Work required
For this exercise, please transcribe exactly and only the lines from the one containing "We do have the" through the end of the material, both ends included, without pictures.

Supplied data
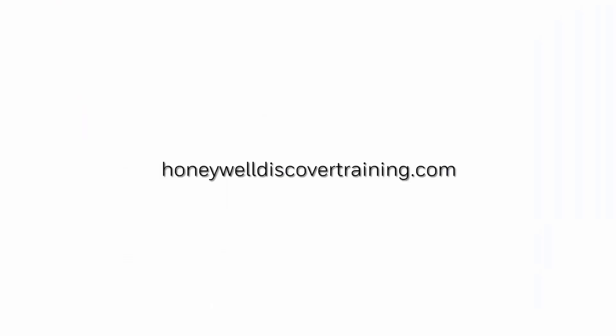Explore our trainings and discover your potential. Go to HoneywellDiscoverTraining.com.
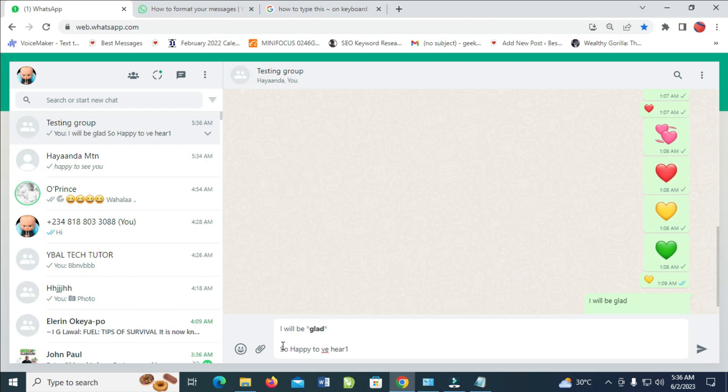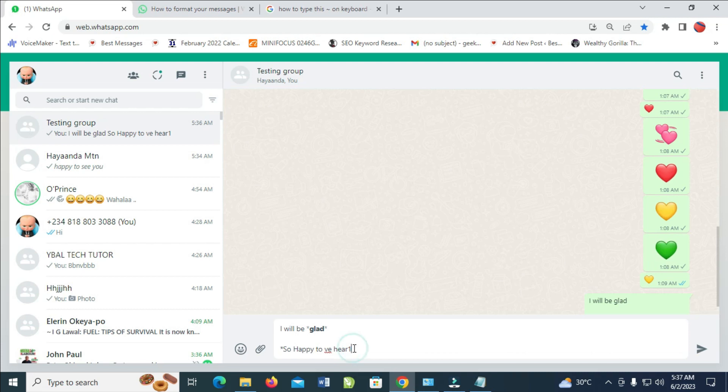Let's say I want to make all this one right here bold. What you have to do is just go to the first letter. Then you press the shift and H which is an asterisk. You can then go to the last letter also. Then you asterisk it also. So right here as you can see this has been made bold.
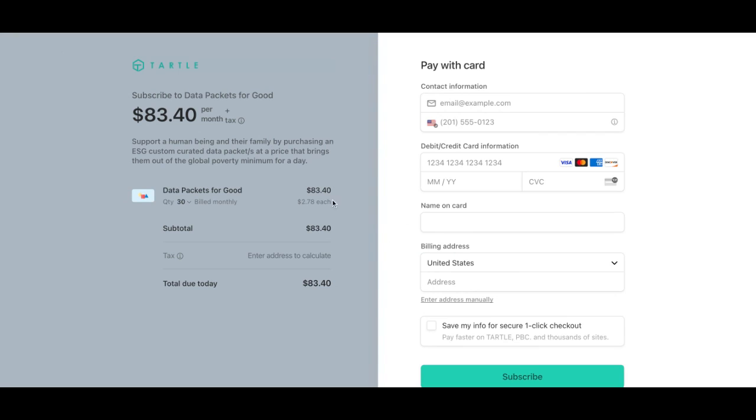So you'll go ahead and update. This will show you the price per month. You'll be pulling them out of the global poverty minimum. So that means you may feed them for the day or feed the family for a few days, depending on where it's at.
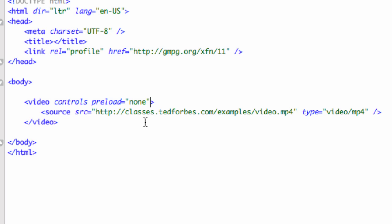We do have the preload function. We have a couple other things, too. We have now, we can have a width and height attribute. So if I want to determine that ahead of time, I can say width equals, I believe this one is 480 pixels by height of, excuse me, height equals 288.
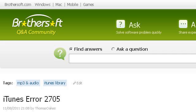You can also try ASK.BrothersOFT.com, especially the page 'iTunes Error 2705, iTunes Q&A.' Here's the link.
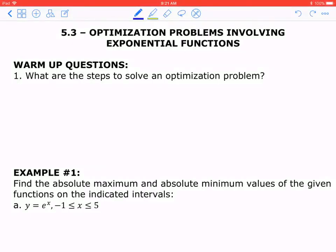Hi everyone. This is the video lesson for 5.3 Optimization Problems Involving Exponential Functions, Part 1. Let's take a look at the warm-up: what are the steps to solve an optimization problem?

Answer box
We do have the preload function. We have a couple other things, too. We have now, we can have a width and height attribute. So if I want to determine that ahead of time, I can say width equals, I believe this one is 480 pixels by height of, excuse me, height equals 288.
You can also try ASK.BrothersOFT.com, especially the page 'iTunes Error 2705, iTunes Q&A.' Here's the link.
Hi everyone. This is the video lesson for 5.3 Optimization Problems Involving Exponential Functions, Part 1. Let's take a look at the warm-up: what are the steps to solve an optimization problem?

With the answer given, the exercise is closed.